Fecal DNA was extracted (E.Z.N.A.® Soil DNA Kit), quantified (NanoDrop 2000/Qubit 4.0), and PCR-amplified using primers targeting the 16 S V3-V4 regions (primers 338 F/806R; 27 cycles, 55 °C annealing). Triplicate amplicons were pooled, gel-purified, and sequenced on the Illumina MiSeq PE300 platform. The raw reads were quality-filtered (fastp v0.21.0; Q20), merged (FLASH v1.2.7; ≥10 bp overlap), and analyzed via dual pipelines: (1) OTUs clustered at 97% similarity (UPARSE, SILVA 138 database) and (2) denoised ASVs (DADA2/QIIME2 v2022.8). Taxonomy was assigned using the RDP Classifier (confidence ≥ 0.7), with rarefaction to 16,000 reads/sample. Alpha/beta diversity (vegan v2.6-4) and differentially abundant taxa (LEfSe: LDA > 2.0, FDR < 0.05) were assessed in R v4.1.3.

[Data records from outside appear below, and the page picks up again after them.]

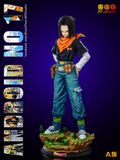  Android 17 - Dragon Ball - BP Studio 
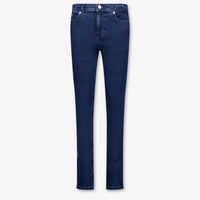 Tommy Hilfiger Bambini Ragazzi Jeans Dentro Blu Scuro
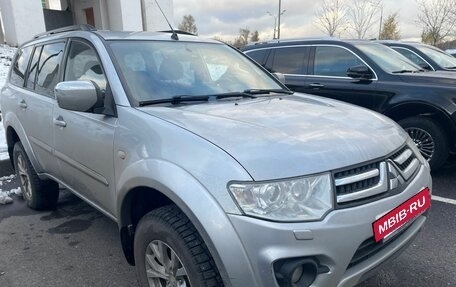 Mitsubishi Pajero Sport II рестайлинг, 2014 год, 1 997 000 рублей, 5 фотография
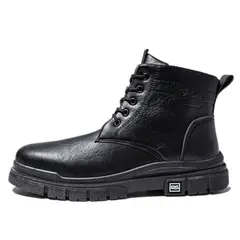 BLWOENS - Zapatillas Deportivas Hombre - Negro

Analysis of metabolomic profiles

Metabolomic profiling was conducted using a Nexera UHPLC LC-30 A system (Shimadzu) coupled to a Q Exactive HF-X mass spectrometer (Thermo Fisher). Chromatographic separation was achieved on an ACQUITY UPLC BEH amide column (1.7 μm, 2.1 × 100 mm; Waters) with mobile phases A (10 mM ammonium acetate in acetonitrile/water [95:5, 0.1% formic acid, pH 8.0 for negative mode]) and B (10 mM ammonium acetate in acetonitrile/water [50:50, 0.1% formic acid, pH 8.0 for negative mode]). The gradient elution (0.3 mL/min) involved 2% B (0–0.5 min), 2–98% B (0.5–12.0 min), 98% B (12.0–16.0 min), and reequilibration with 2% B (16.0–18.0 min).

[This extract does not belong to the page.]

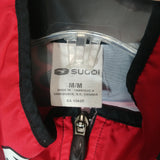 Sugol Calgary Roadrunners Shell Jacket - Size Medium - Pre-owned -  6RGWRH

Full MS scans (70–1050 m/z) were acquired at 120,000 resolution (AGC 3 × 106, max IT 100 ms) in both polarities, with data-dependent MS² scans (200–2000 m/z) at 7,500 resolution (AGC 2 × 105, max IT 50 ms) using stepped collision energies (20, 40, 60 eV). The raw data were processed via Progenesis QI (v3.0) for peak alignment, metabolite annotation (HMDB/KEGG), and z score normalization. Hierarchical clustering (Euclidean distance, average linkage) and differential expression analyses [logFC > 1.2, -log10 (FDR) > 2] were performed in R (v4.2.1). System suitability was validated with pooled QC samples (retention time RSD < 2%, intensity RSD < 15%).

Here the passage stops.